KARACHI: Pakistani stocks continued their bullish run on Thursday, breaching the 176,000 points barrier for the first time after trading ended, with analysts attributing the surge to investors expecting further cuts in the policy rate. 

The KSE-100 benchmark gained 2,301.17 points at close of business on Thursday, marking an increase of 1.32 percent to settle at 176,355.49 points. 

Pakistan’s central bank cut its key policy rate by 50 basis points to 10.5 percent last ‌month, breaking a four-meeting ‌hold in a move ‌that ⁠surprised ​markets. Pakistan’s consumer price inflation slowed to 5.6 percent year-on-year in December, while prices fell on a monthly basis as per data from the finance ministry. 

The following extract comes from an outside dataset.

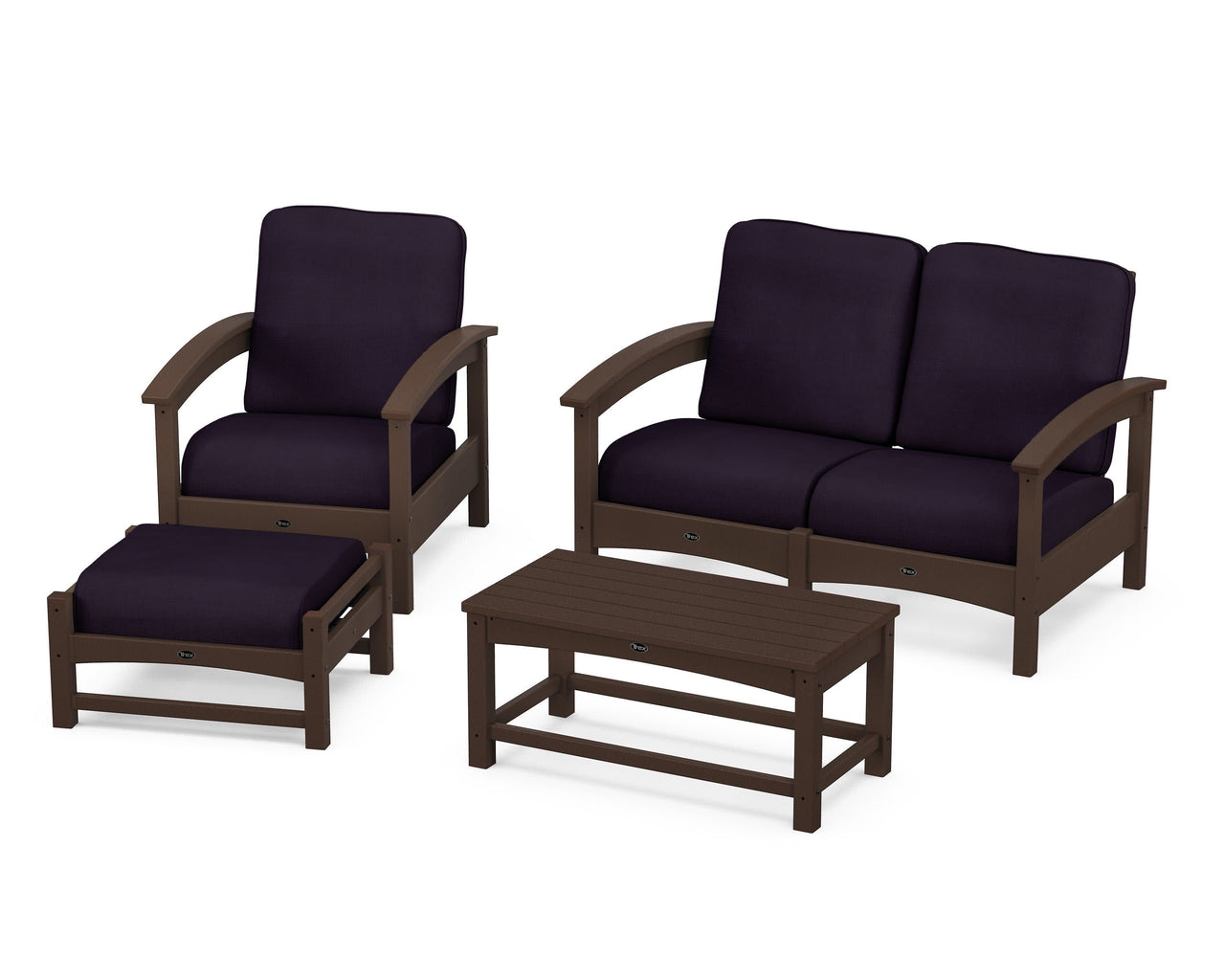 Trex Rockport 4-Piece Deep Seating Conversation Group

“Upbeat data for consumer price index (CPI) inflation at 5.6pc in December 2025 [with] investors expecting a further State Bank of Pakistan rate cuts on falling inflation data,” Ahsan Mehanti, CEO of Arif Habib Commodities Ltd., told Arab News. 

The stock market witnessed a trading volume of 1,402.650 million shares, with a traded value of Rs48.424 billion ($173 million), compared with 957.239 million shares valued at Rs44.231 billion ($158 million) during the previous session.

Topline Securities, a leading brokerage firm in Pakistan, credited the surge to strong buying at the first session.

“This positivity can be accredited to buying by local institutions on the start of the new calendar year,” it said. 

Pakistan’s Finance Adviser Khurram Schehzad highlighted that the bullish trend at the stock market reflected “strong investor confidence.”

“With lower inflation, affordable fuel, stronger reserves, rising digitization and a buoyant capital market, Pakistan’s economic outlook is clearly improving--supporting greater confidence, better investment sentiment and more positive momentum for 2026,” he said on social media platform X.